What you are asked to do
Once the line with "Rent this 1" has been located in the records below, set down that line and all subsequent lines exactly, omitting the pictures.

*** Opening Task data ***

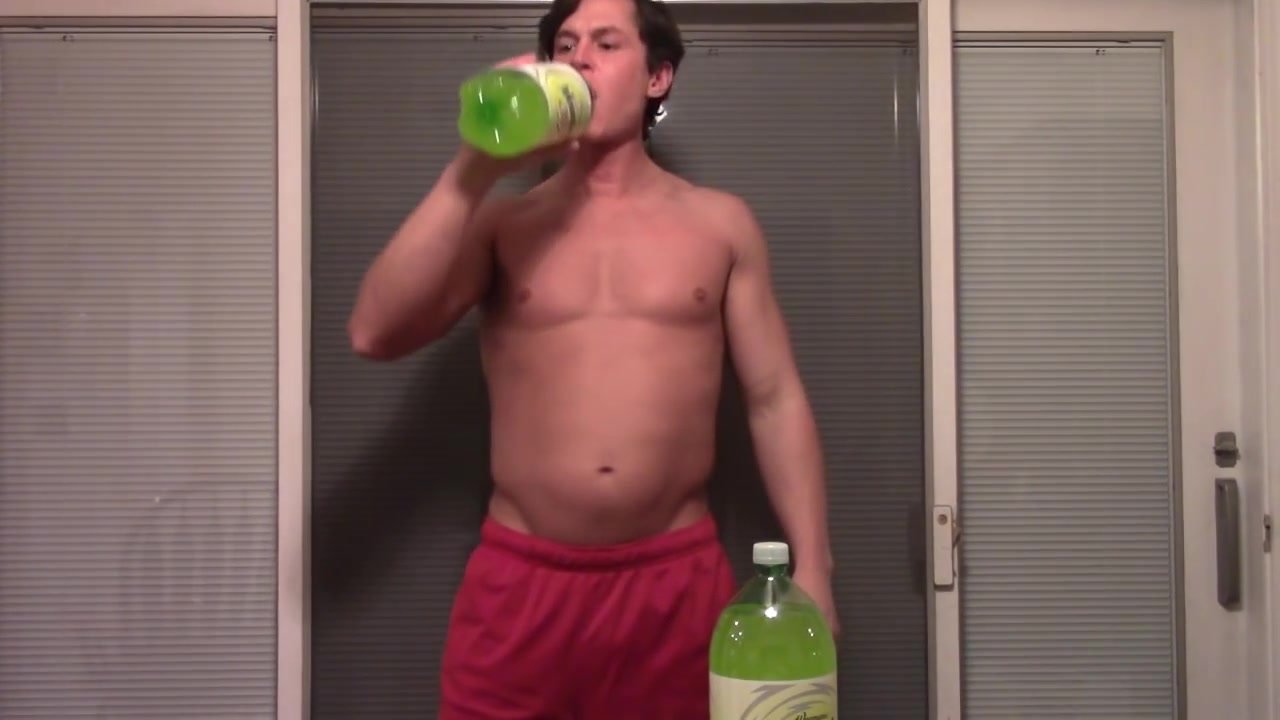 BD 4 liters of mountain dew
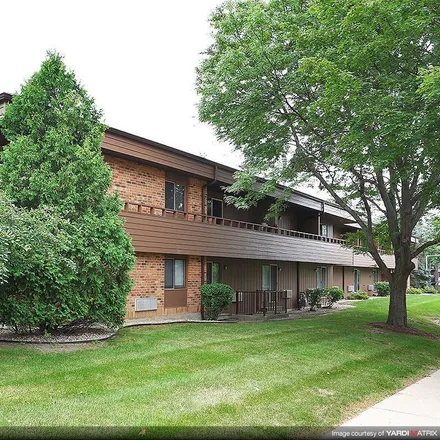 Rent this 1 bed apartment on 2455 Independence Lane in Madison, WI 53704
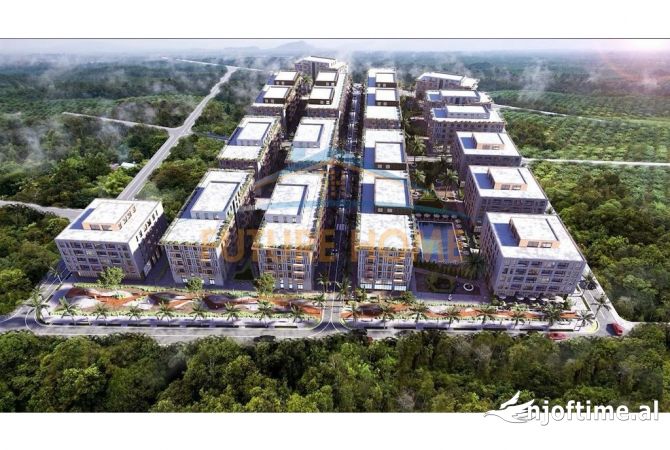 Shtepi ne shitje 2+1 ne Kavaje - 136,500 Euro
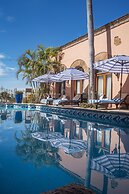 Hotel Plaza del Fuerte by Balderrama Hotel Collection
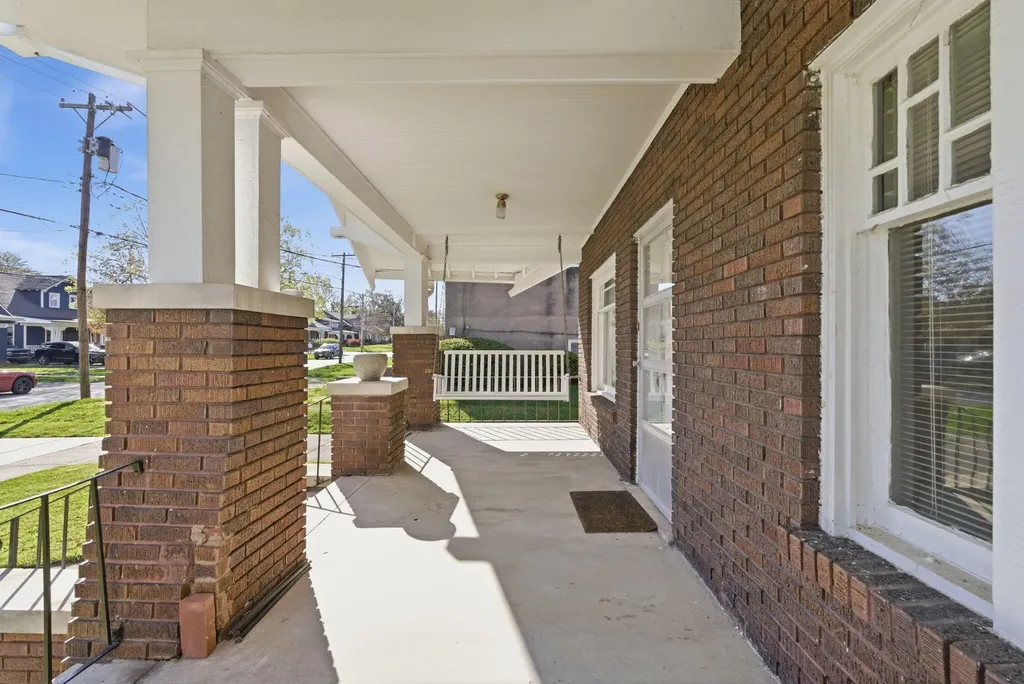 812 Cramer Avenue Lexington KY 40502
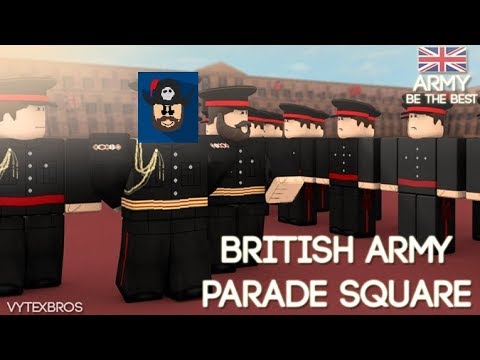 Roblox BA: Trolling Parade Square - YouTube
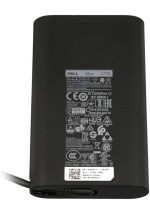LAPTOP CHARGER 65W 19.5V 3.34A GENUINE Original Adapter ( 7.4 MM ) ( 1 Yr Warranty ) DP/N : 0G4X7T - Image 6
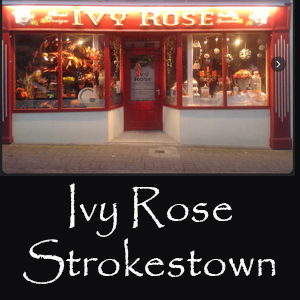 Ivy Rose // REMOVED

*** Closing Task data ***

Your solution
 Rent this 1 bed apartment on 2455 Independence Lane in Madison, WI 53704
 Shtepi ne shitje 2+1 ne Kavaje - 136,500 Euro
 Hotel Plaza del Fuerte by Balderrama Hotel Collection
 812 Cramer Avenue Lexington KY 40502
 Roblox BA: Trolling Parade Square - YouTube
LAPTOP CHARGER 65W 19.5V 3.34A GENUINE Original Adapter ( 7.4 MM ) ( 1 Yr Warranty ) DP/N : 0G4X7T - Image 6
 Ivy Rose // REMOVED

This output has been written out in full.